INPUT FOR THIS TASK:
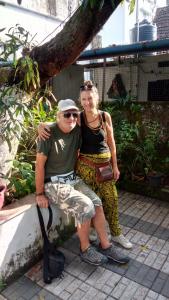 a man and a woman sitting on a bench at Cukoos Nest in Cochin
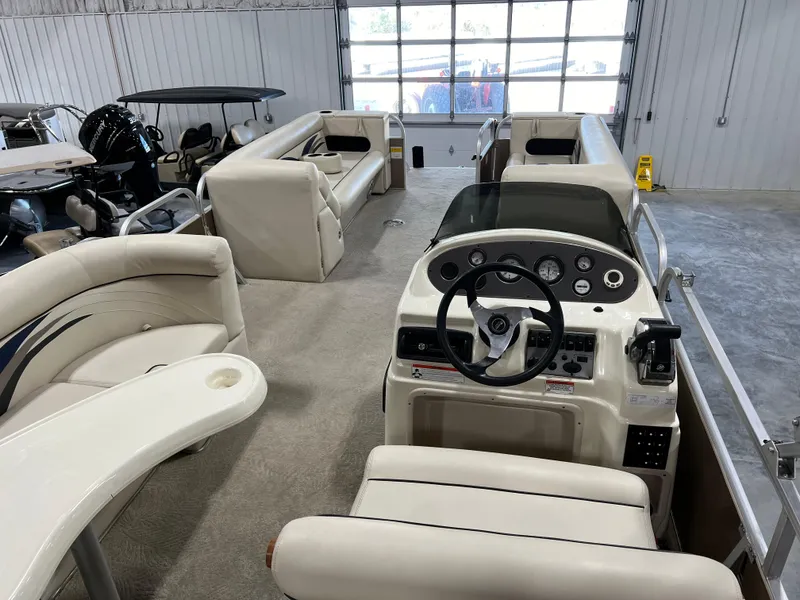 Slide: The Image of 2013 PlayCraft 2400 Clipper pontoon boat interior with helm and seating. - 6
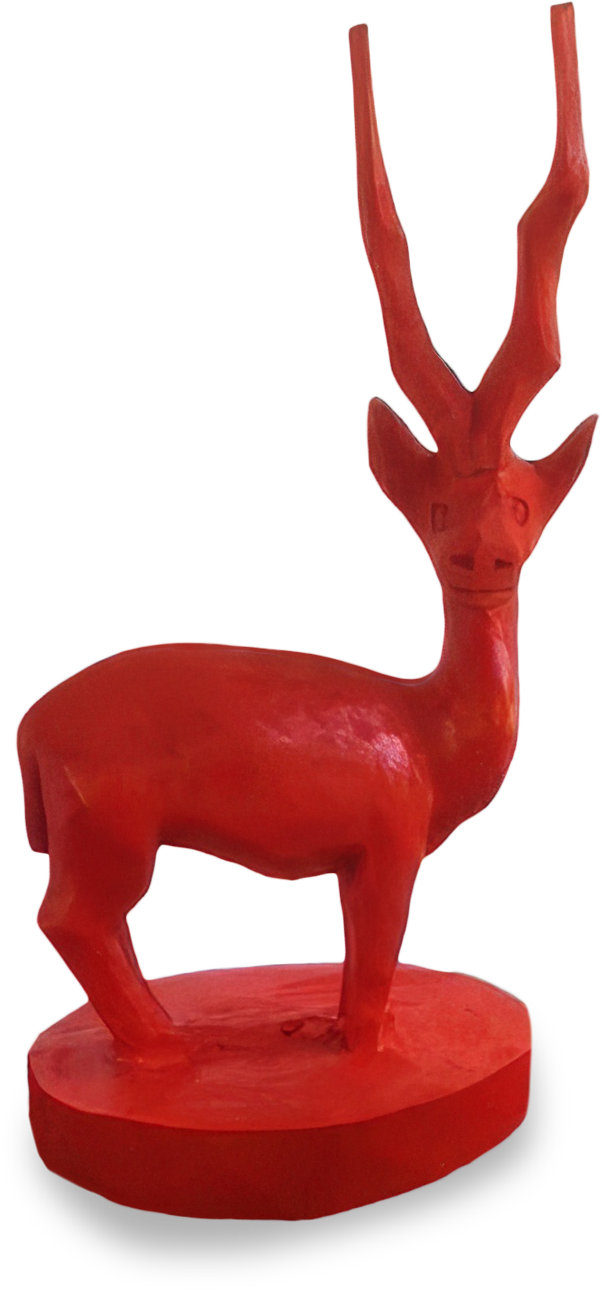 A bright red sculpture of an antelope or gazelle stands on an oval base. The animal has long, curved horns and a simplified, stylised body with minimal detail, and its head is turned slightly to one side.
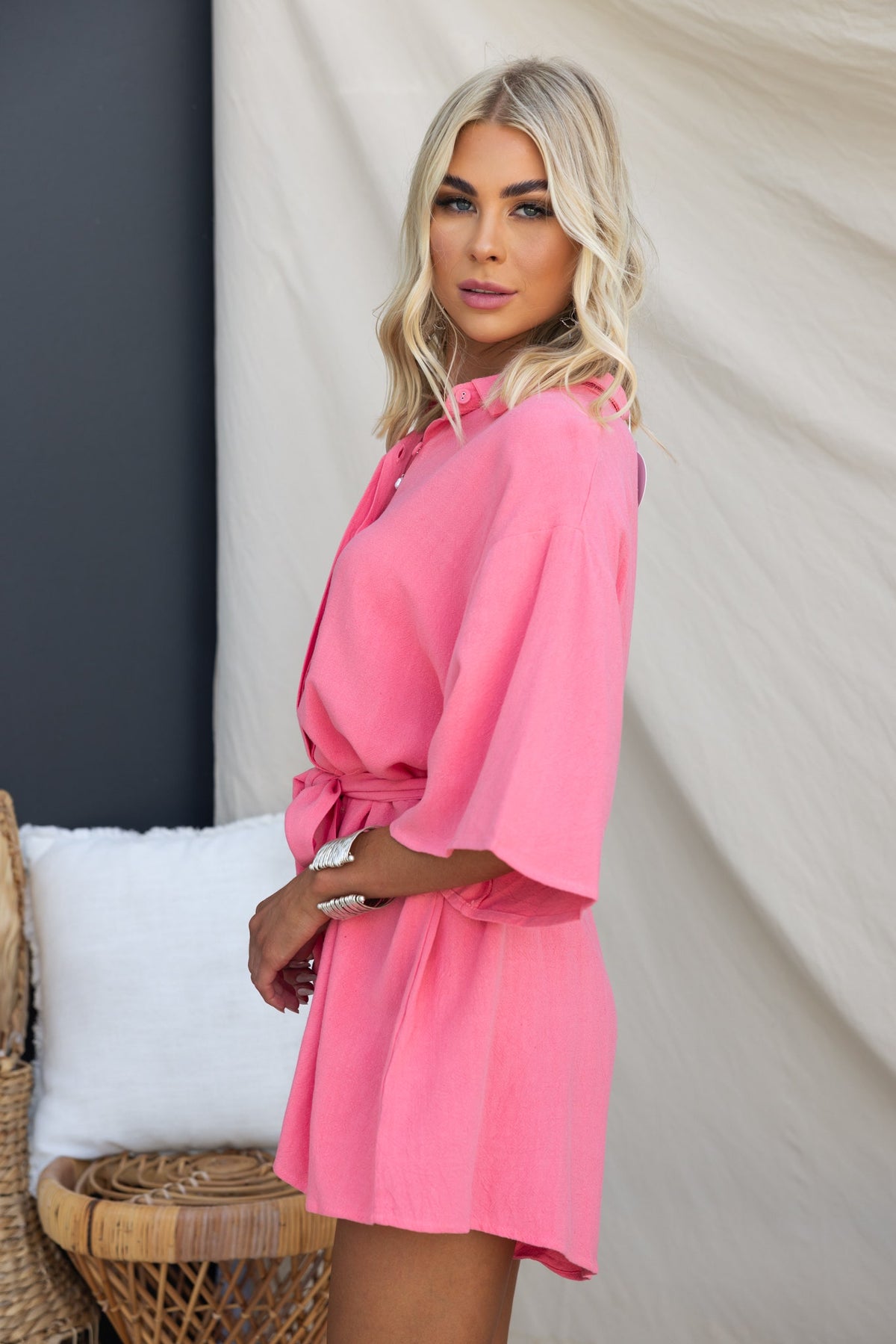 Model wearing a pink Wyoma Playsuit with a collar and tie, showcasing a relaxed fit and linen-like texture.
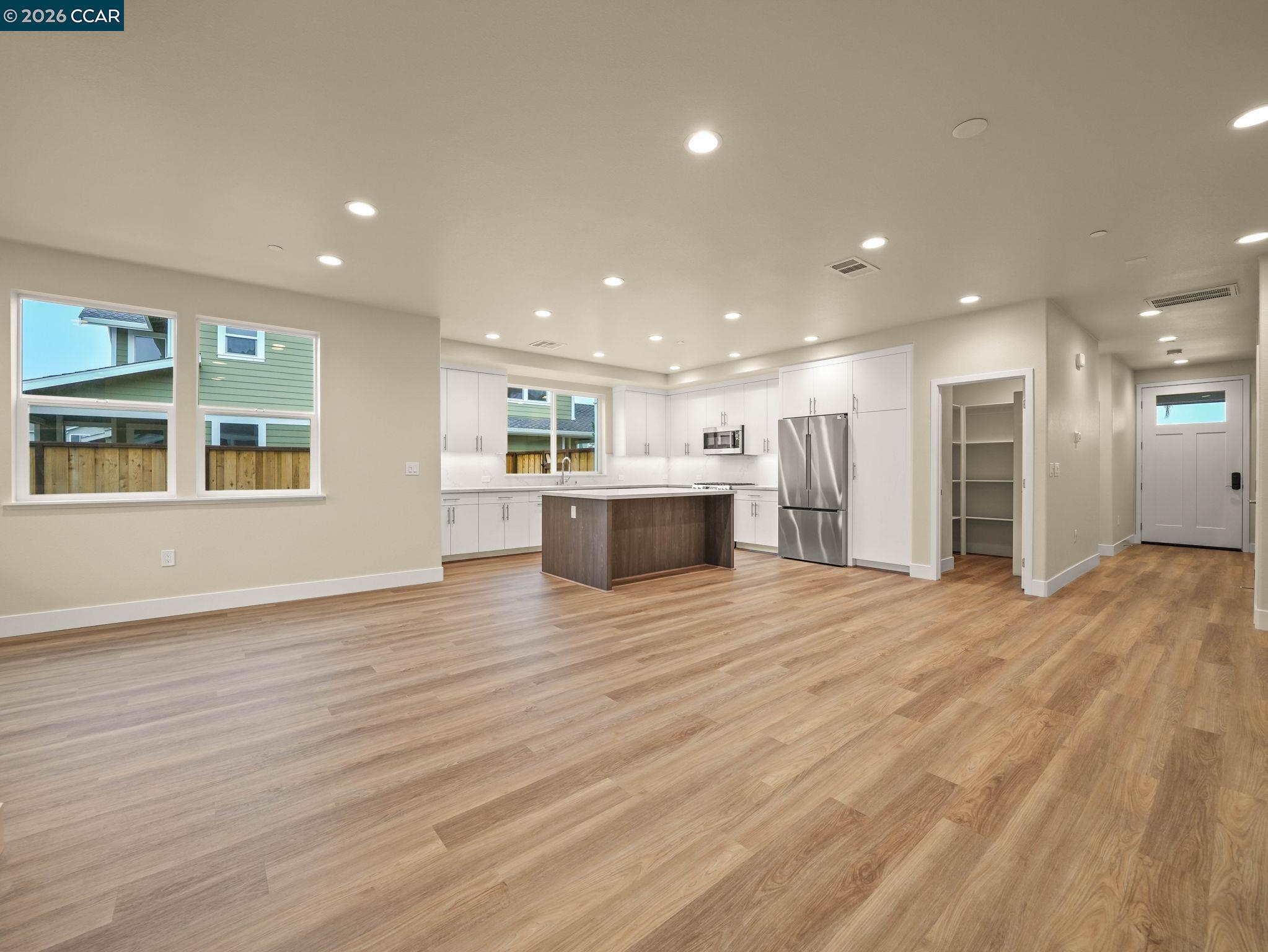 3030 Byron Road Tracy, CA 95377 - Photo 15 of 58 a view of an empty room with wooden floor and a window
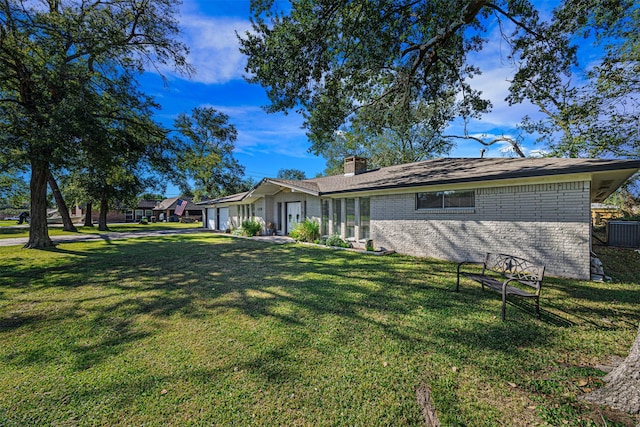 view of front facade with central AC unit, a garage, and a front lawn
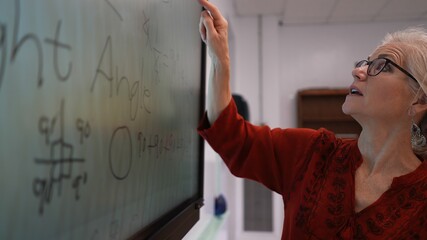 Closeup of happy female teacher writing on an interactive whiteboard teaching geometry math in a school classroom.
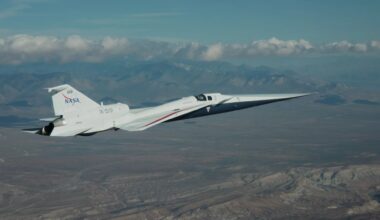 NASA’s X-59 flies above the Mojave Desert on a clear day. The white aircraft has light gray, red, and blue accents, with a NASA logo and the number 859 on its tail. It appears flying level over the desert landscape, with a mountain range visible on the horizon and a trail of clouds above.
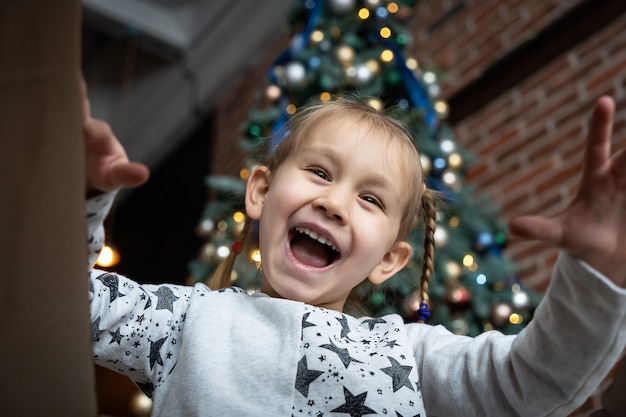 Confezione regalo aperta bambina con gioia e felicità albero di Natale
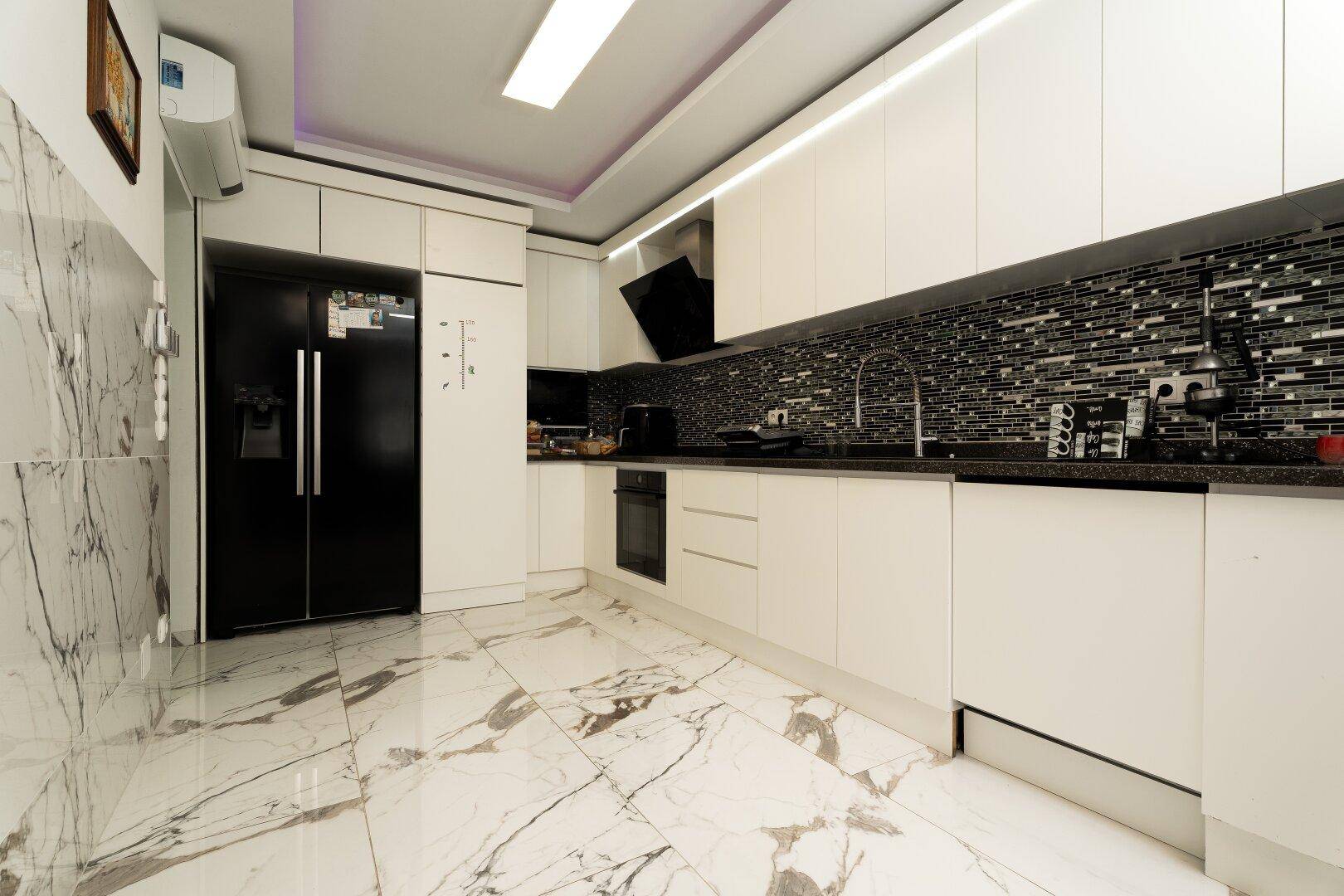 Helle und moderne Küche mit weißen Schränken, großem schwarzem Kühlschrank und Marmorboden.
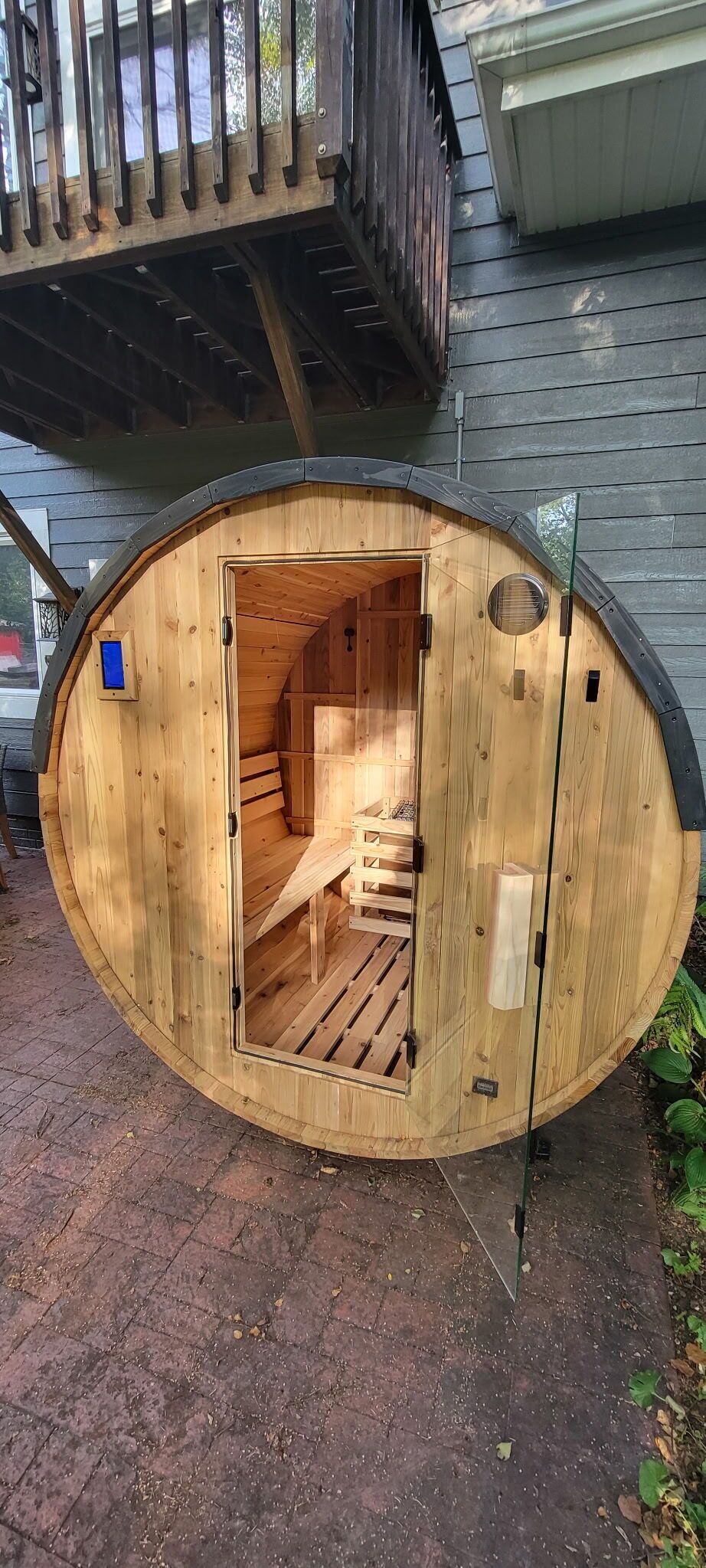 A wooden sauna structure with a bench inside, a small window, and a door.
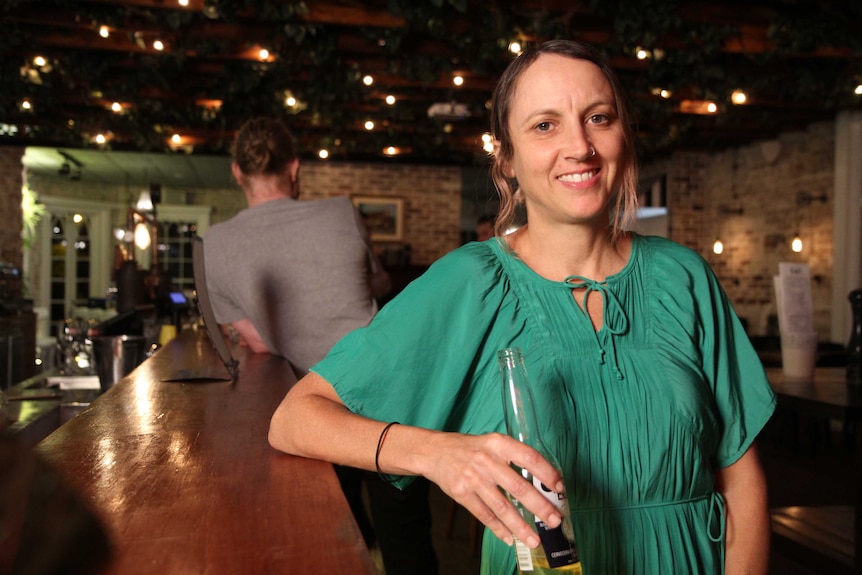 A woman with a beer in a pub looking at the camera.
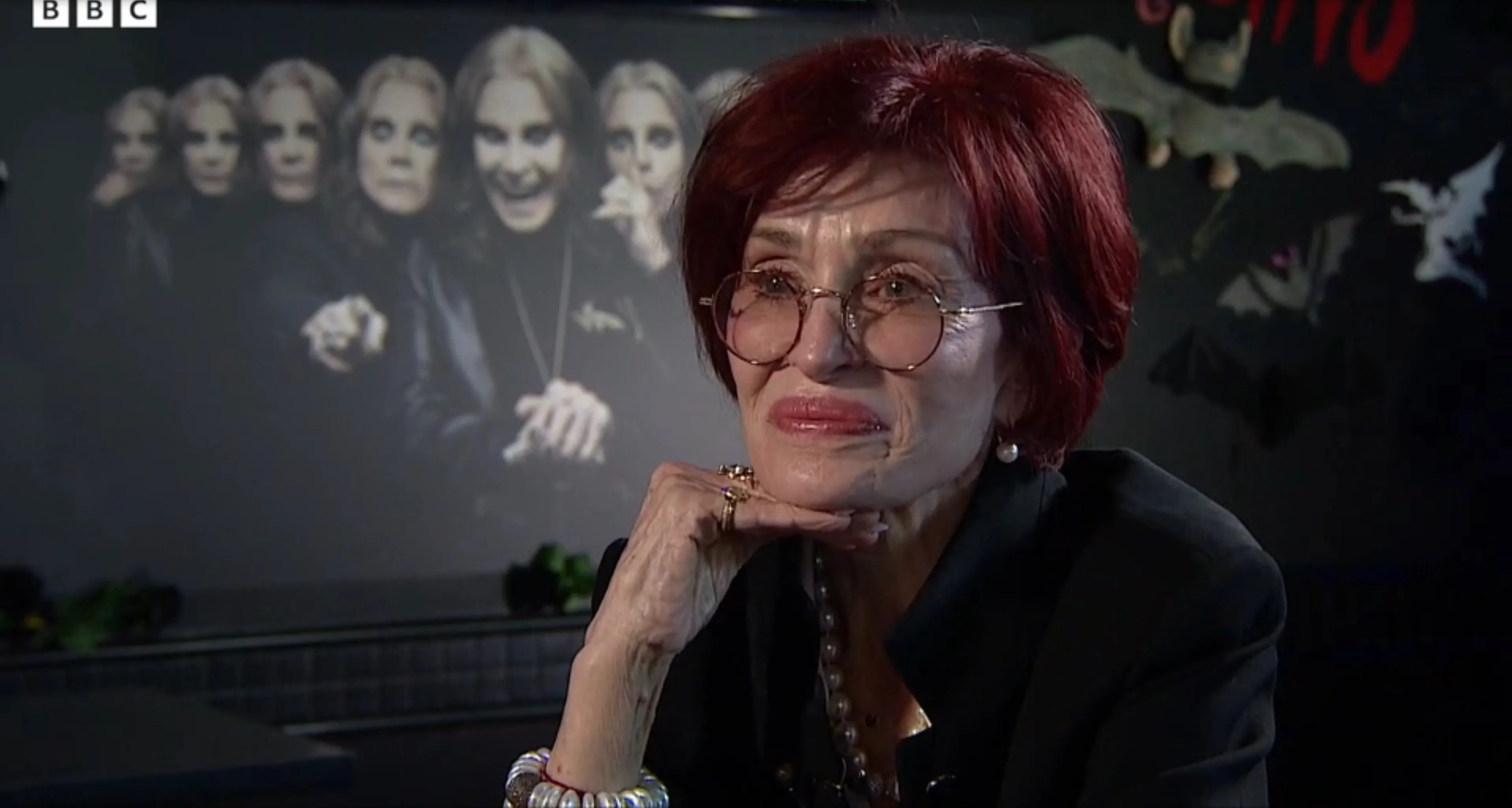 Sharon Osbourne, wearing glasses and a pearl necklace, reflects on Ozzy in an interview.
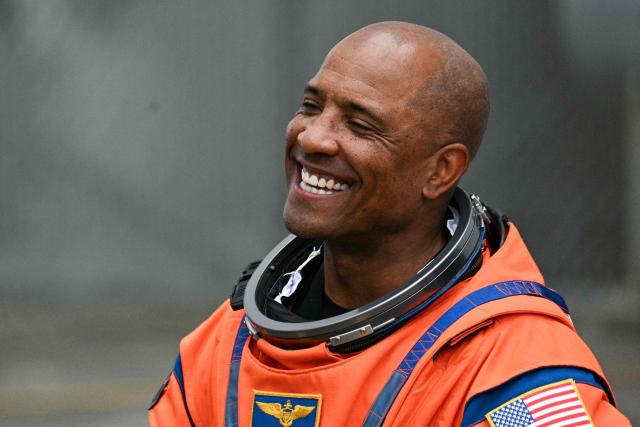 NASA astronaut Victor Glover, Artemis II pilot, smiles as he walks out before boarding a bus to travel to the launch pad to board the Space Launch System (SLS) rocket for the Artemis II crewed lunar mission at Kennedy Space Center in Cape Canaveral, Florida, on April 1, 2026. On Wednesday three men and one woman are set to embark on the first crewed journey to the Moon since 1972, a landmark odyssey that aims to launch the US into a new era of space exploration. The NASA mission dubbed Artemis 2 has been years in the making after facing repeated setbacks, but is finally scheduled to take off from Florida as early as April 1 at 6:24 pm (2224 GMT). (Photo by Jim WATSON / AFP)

EXERCISE GOAL: From the first line above down to the line with "3030 Byron Road", reproduce every line and no others, omitting pictures.

RESPONSE:
 a man and a woman sitting on a bench at Cukoos Nest in Cochin
 Slide: The Image of 2013 PlayCraft 2400 Clipper pontoon boat interior with helm and seating. - 6
 A bright red sculpture of an antelope or gazelle stands on an oval base. The animal has long, curved horns and a simplified, stylised body with minimal detail, and its head is turned slightly to one side.
 Model wearing a pink Wyoma Playsuit with a collar and tie, showcasing a relaxed fit and linen-like texture.
 3030 Byron Road Tracy, CA 95377 - Photo 15 of 58 a view of an empty room with wooden floor and a window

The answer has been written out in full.